(no title)
trsohmers | 2 years ago
My professional independent observer opinion (not based on my 2 years of working at Groq) would have me assume that their COGS to achieve these performance numbers would exceed several million dollars, so depreciating that over expected usage at the theoretical prices they have posted seems impractical, so from an actual performance per dollar standpoint they don’t seem viable, but do have a very cool demo of an insane level of performance if you throw cost concerns out the window.
[0]: https://www.nextplatform.com/2023/11/27/groq-says-it-can-dep...
tome|2 years ago
Anyone with a serious interest in the total cost of ownership of Groq's system is welcome to email contact@groq.com.
trsohmers|2 years ago
A guarantee to match the cheapest per token prices is sure a great way to lose a race to the bottom, but I do wish Groq (and everyone else trying to compete against NVIDIA) the greatest luck and success. I really do think that the great single batch/user performance by Groq is a great demo, but is not the best solution for a wide variety of applications, but I hope it can find its niche.
Aeolun|2 years ago
John doe and his friends will never have a need to have their fart jokes generated at this speed, and are more interested in low costs.
But we’d recently been doing call center operations and being able to quickly figure out what someone said was a major issue. You kind of don’t want your system to wait for a second before responding each time. I can imagine it making sense if it reduces the latency to 10ms there as well.
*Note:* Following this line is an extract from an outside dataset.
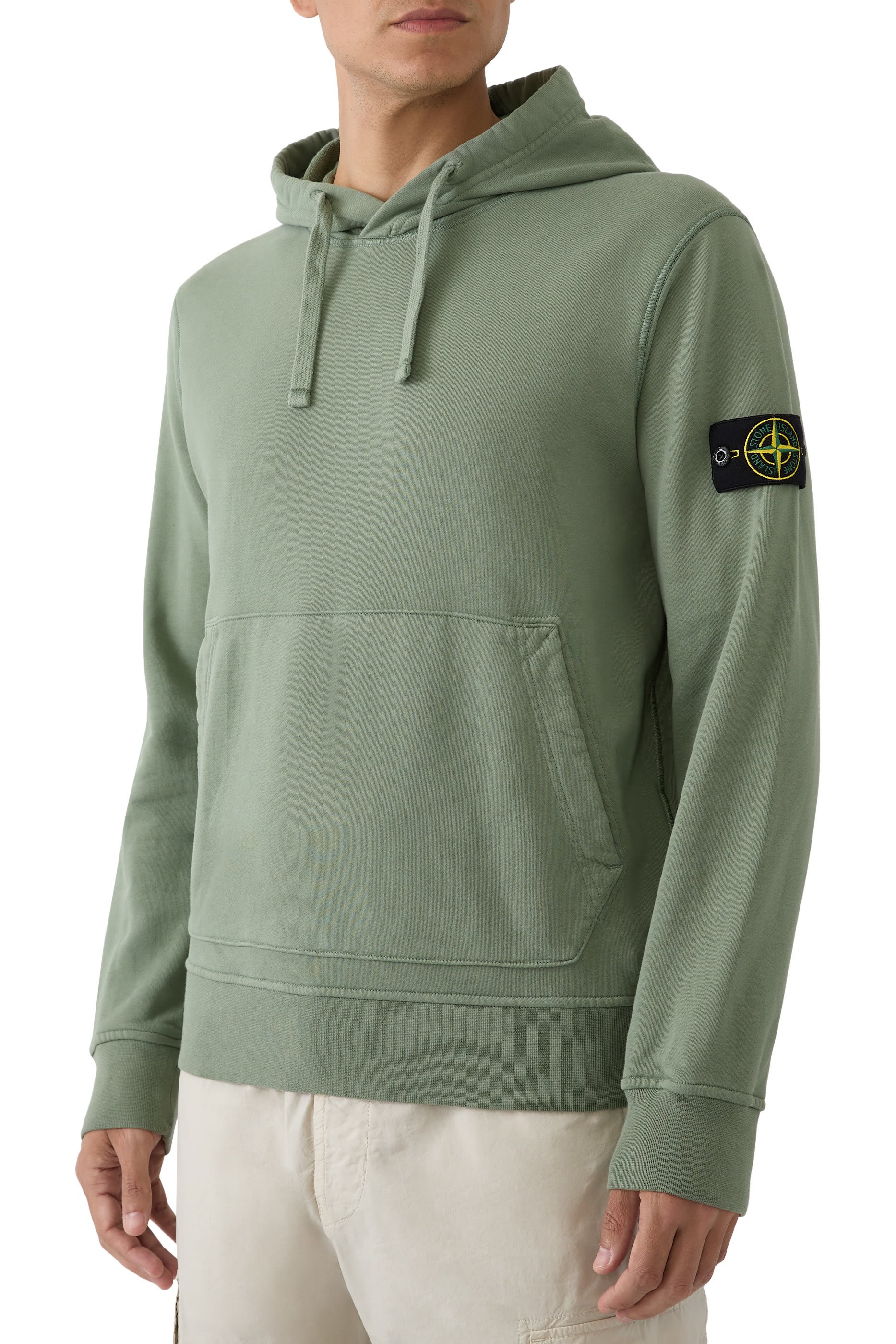 Logo Patch Organic Cotton Fleece Hoodie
Though you might still run up against the ‘good enough’ factor.
I guess few people want to spend millions to go from 1000ms to 10ms, but when they do they really want it.
nickpsecurity|2 years ago
It was also on my list of things to consider modifying for an AI accelerator. :)
trsohmers|2 years ago
There should be a podcast release (https://microarch.club/) in the near future that covers REX's history and a lot of lessons learned.